To determine whether a stay is appropriate in a particular case, a court must conduct a two-part analysis. First, the court must consider "whether the concurrent state and federal actions are actually parallel." Id. at 1559, see also Interstate Material Corp. v. City of Chicago, 847 F.2d 1285, 1287 (7th Cir.1988). Then, once it is established that the suits are parallel, the court must consider a number of non-exclusive factors that might demonstrate the existence of "exceptional circumstances." See LaDuke, 879 F.2d at 1559. These factors are: (1) whether the state has assumed jurisdiction over property; (2) the inconvenience of the federal forum; (3) the desirability of avoiding piecemeal litigation; (4) the order in which jurisdiction was obtained by the concurrent forums; (5) the source of governing law, state or federal; (6) the adequacy of state-court action to protect the federal plaintiff's rights; (7) the relative progress of state and federal proceedings; (8) the presence or absence of concurrent jurisdiction; (9) the availability of removal; and (10) the vexatious or contrived nature of the federal claim.
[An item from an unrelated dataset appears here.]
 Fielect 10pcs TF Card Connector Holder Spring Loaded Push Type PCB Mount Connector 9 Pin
See id. (citing Lumen Constr., Inc. v. Brant Constr. Co., 780 F.2d 691, 694-95 (7th Cir.1985)).

A. Parallel Actions

Clark contends that the district court abused its discretion by finding that the Brewster and Clark actions are parallel. According to Clark, that finding was improper because the parties and the issues in this case are more numerous and diverse than in the Brewster action. Moreover, Clark argues that the relief sought in the two actions is different. The Brewster action seeks only monetary relief while the Clark action requests equitable relief in addition to money damages.

To meet the "parallel" requirement, suits need not be identical. See Interstate Material Corp., 847 F.2d at 1288. Two suits are considered "`parallel' when substantially the same parties are contemporaneously litigating substantially the same issues in another forum." Id. (quoting Calvert Fire Insurance Co. v. American Mutual Reinsurance Co., 600 F.2d 1228, 1229 n. 1 (7th Cir.1979)). To be sufficiently similar it is not necessary that there be "formal symmetry between the two actions." Lumen, 780 F.2d at 695. Rather, there should be a "substantial likelihood that the state litigation will dispose of all claims presented in the federal case." Id.
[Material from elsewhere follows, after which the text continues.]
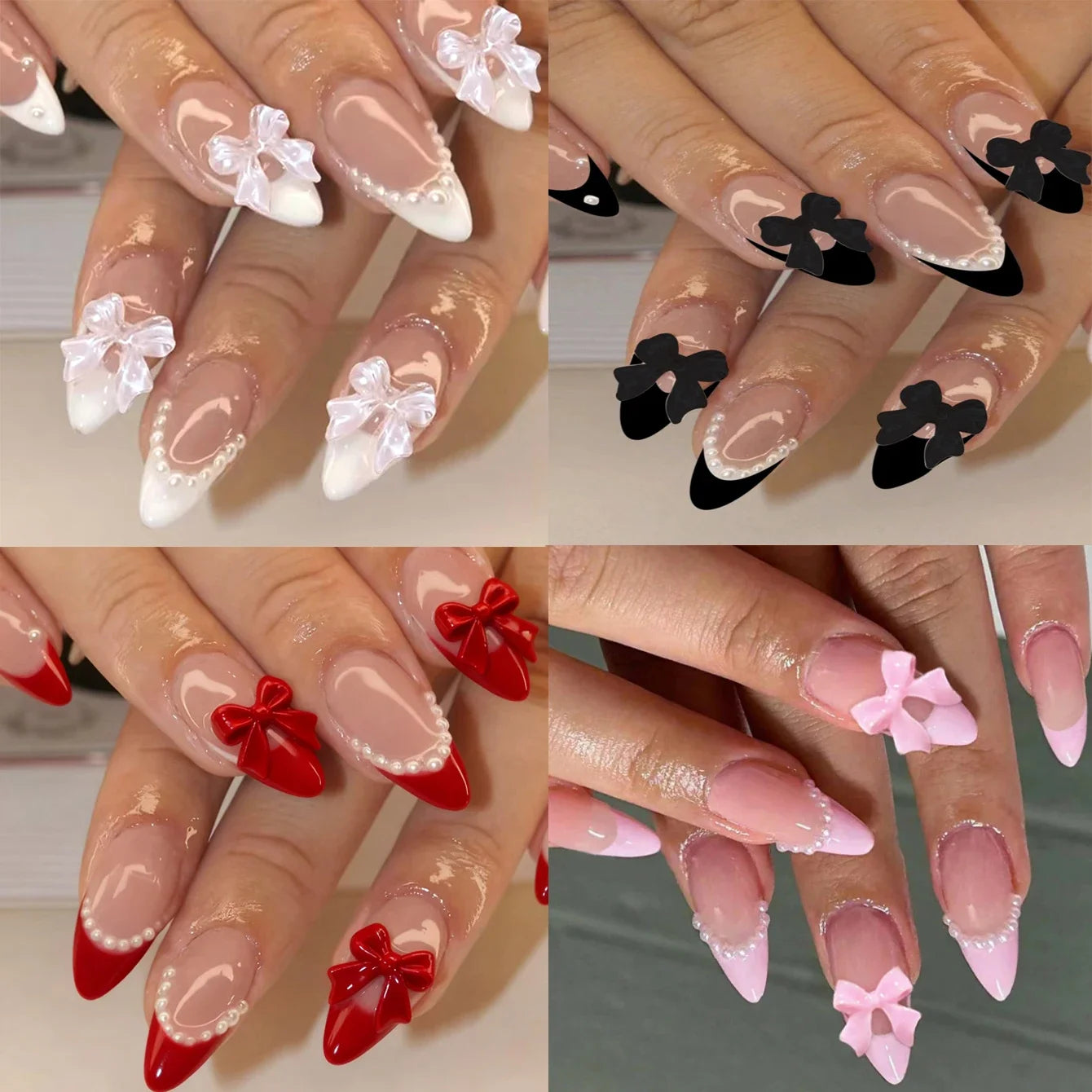 Bow Pendant French Press-On Nails, Coffin Medium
After reviewing the two complaints, we agree with the district court that no meaningful distinction can be made between the Clark and Brewster lawsuits. First and foremost, although some of the names appearing on the two complaints are different, the parties' interests in the disputes are nearly identical. Parties with "nearly identical" interests are considered "substantially the same" for Colorado River purposes. See Caminiti & Iatarola v. Behnke Warehousing, Inc., 962 F.2d 698, 700-01 (7th Cir.1992) (finding an estate and a business to be substantially the same parties in disputes involving legal fees owed by the business where the estate owned one-fourth of the business). As Brewster and Clark are derivative shareholder suits, Sears is the true party in interest in both cases. As such, we consider only Sears' interests, not the individual interests of the plaintiffs who brought the actions on Sears' behalf. Clark has not presented us with any reason why Sears' own interests would diverge in these two lawsuits.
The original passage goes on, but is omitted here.